Rentannya Posisi Suporter 

74
suporter jerman spanduk kanjuruhan
©REUTERS/Michaela Rehle

TIMNAS.C0 – Sebagai suporter, hasil pertandingan bisa menentukan mood kita selama beberapa menit, jam, hari, bahkan tahunan.

Sebagai suporter, kita bisa ikhlas mengorbankan waktu istirahat kita selama 90 menit.

Sebagai suporter, kita rela menghabiskan uang untuk membeli jersey.

Sebagai suporter, kita rela menempuh perjalanan demi mendukung langsung tim kesayangan.

Sebagai suporter, kita sering dituduh sebagai biang keladi atas terjadinya kerusuhan.

Sebagai suporter,kita bisa sampai melewati batas dan melakukan tindak kriminal.

Sebagai suporter, kita bisa kehilangan nyawa.

Peran suporter dalam sepakbola Indonesia sangat besar. Apalagi rakyat kita ini hampir semuanya gila bola. Tanpa suporter, sepakbola Indonesia tidak akan berjalan.

Suporter seharusnya berada dalam posisi puncak piramida hirarki sepakbola Indonesia. Tapi nyatanya, posisi suporter berada paling bawah.

Hak suporter sebenarnya dilindungi karena telah diatur dalam UU Keolahragaan Nomor 11 Tahun 2022 yang merupakan pengganti UU Sistem Keolahragaan Nasional (SKN) Nomor 3 Tahun 2005.

Dalam Pasal 54 ayat 4 UU Keolahragaan Nomor 11 menegaskan bahwa penyelenggara kejuaraan olahraga wajib memperhatikan hak penonton dalam setiap kejuaraan olahraga.

Ditegaskan lagi dalam ayat 5, hak penonton sebagaimana dimaksud pada ayat 4 meliputi: a. Mengekspresikan dukungan, semangat, dan motivasi di dalam kejuaraan olahraga; b.
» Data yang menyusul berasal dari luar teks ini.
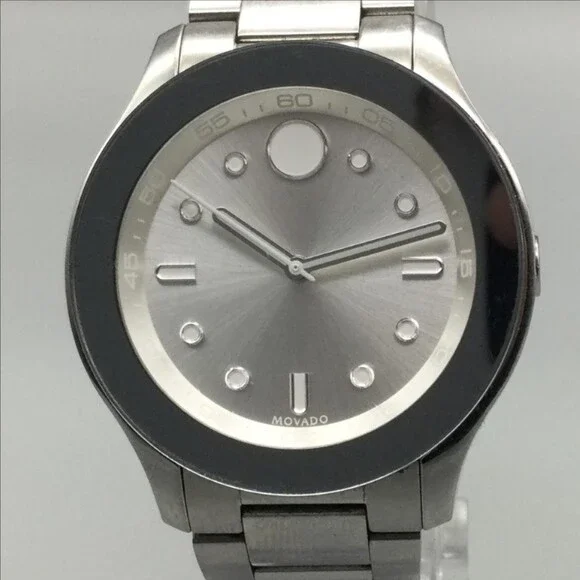 Movado Bold Womens Watch 36mm Silver Tone Black Bezel New Battery 7.25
Memperoleh fasilitas yang sesuai dengan tiket masuk dan; c. Mendapatkan jaminan keselamatan dan keamanan.

Bahkan dalam Pasal 103 menyatakan penyelenggara kegiatan olahraga yang tidak memenuhi persyaratan teknis keolahragaan, kesehatan, keselamatan, ketentuan daerah setempat, keamanan, ketertiban umum, dan kepentingan publik sebagaimana dimaksud dalam pasal 52 dipidana dengan pidana penjara paling lama 2 (dua) tahun.

Sebelum terjadi Tragedi Kanjuruhan yang mengakibatkan 135 suporter kehilangan nyawa, 39 diantaranya adalah anak-anak, sudah ada 78 suporter yang meregang nyawa sejak 1994.

Hampir keseluruhan kasusnya, hampir tak pernah terselesaikan. Jika dalam hukum positif, yang berarti undang-undang dan peraturan yang berlaku secara umum saja tidak terselesaikan apalagi dalam ruang lingkup Lex Sportiva.

Meski saat ini sudah berlangsung sidang dalam mencari titik terang dan keadilan bagi korban Tragedi Kanjuruhan, namun nampaknya masih akan memakan waktu yang lama.

Aparat kepolisian selalu berusaha membenarkan diri atas tindakannya dalam melakukan penembakan gas air mata ke arah tribun penonton. Seolah menegaskan jika kematian bukan jadi hal yang penting.

Diharapkan juga pemerintah dan aparat penegak hukum dapat menyelidiki dan menindaklanjuti tragedi ini dengan baik dan terbuka atas kebenaran yang terjadi kepada masyarakat dengan mempertimbangkan keadilan sosial bagi korban serta masyarakat.

Dan yang paling penting agar semua suporter mengevaluasi diri. Bersatu dan tidak perlu mengeluarkan pendapat yang dapat menyakiti korban. Apalagi sampai ikut dalam aksi-aksi yang tidak perlu.

Ada tanggung jawab etis dengan menghargai hak hidup orang lain.

Semoga tak pernah ada lagi suporter yang pergi pamit menonton sepakbola namun tak pernah kembali lagi ke rumah.